Numerical developments for short-pulsed Near Infra-Red laser spectroscopy. Part II: inverse treatment

Abstract

Indirect optical spectroscopy or tomography, that is, mapping of optical properties in scattering and absorption inside a medium given a set of measurements at the boundaries, is highly dependent on the radiative transfer model used to track radiative energy propagation in semi-transparent materials. In the first part of this study, a numerical tool adapted for treating radiative transfer in the frame of short-pulsed laser beam interaction with non-homogeneous matter has been presented. In this paper, it is intended to show how such numerical tools can undergo inversion through adjoint treatment or reverse differentiation.
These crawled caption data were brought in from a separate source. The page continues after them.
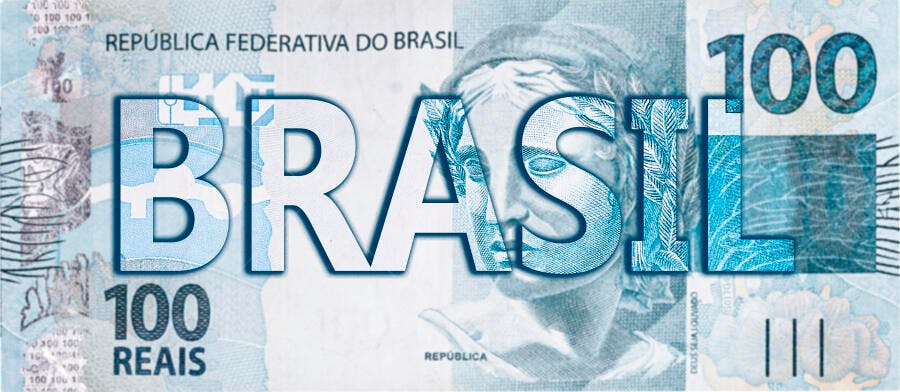 Palavra BRASIL em azul sobre nota de 100 reais dinheiro e finanças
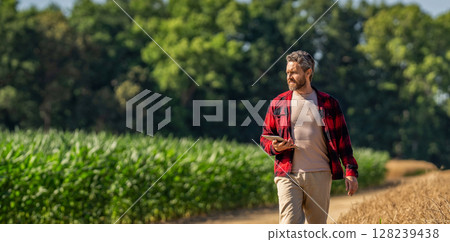 Farmer agronomist man with tablet in cornfield. Technology of modern agriculture. Farmer man working on field with tablet. Hispanic farmer with tablet check harvest. Crop harvest. Copy space banner Farmer agronomist man with tablet in cornfield. Technology of modern agriculture. Farmer man working on field with tablet. Hispanic farmer with tablet check harvest. Crop harvest. Copy space banner 128239438
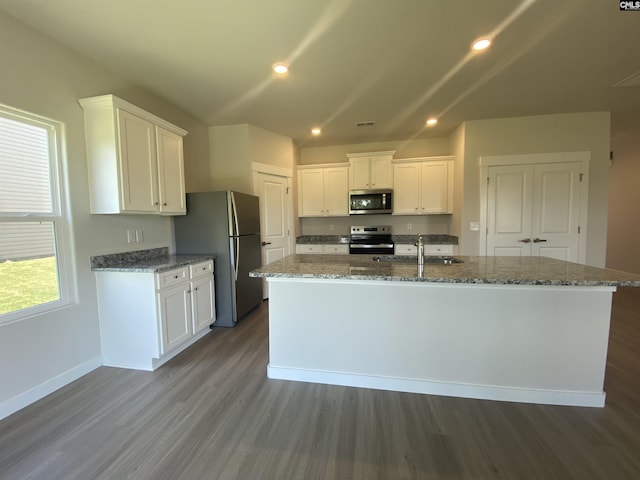 kitchen featuring a kitchen island with sink, sink, dark hardwood / wood-style floors, appliances with stainless steel finishes, and white cabinetry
Adjoint models, as well as reverse differentiation, are used in order to allow an efficient computation of the gradient, in the unknown optical parameters space, of an objective or cost function estimating the residual between data obtained at the boundary and predictions by numerical simulations. This gradient is a crucial indication as to update, through line minimization, the set of internal optical properties of the medium. First, the theoretical background of the inverse treatments, both reverse differentiation and adjoint model, for the transient radiative transfer equation model introduced in Part I is developed. Second, different reconstruction configurations are presented. Time-dependent sampling and time filtering effects of the measurements are addressed. Image reconstructions from simulated data are achieved for material phantoms of simple geometry.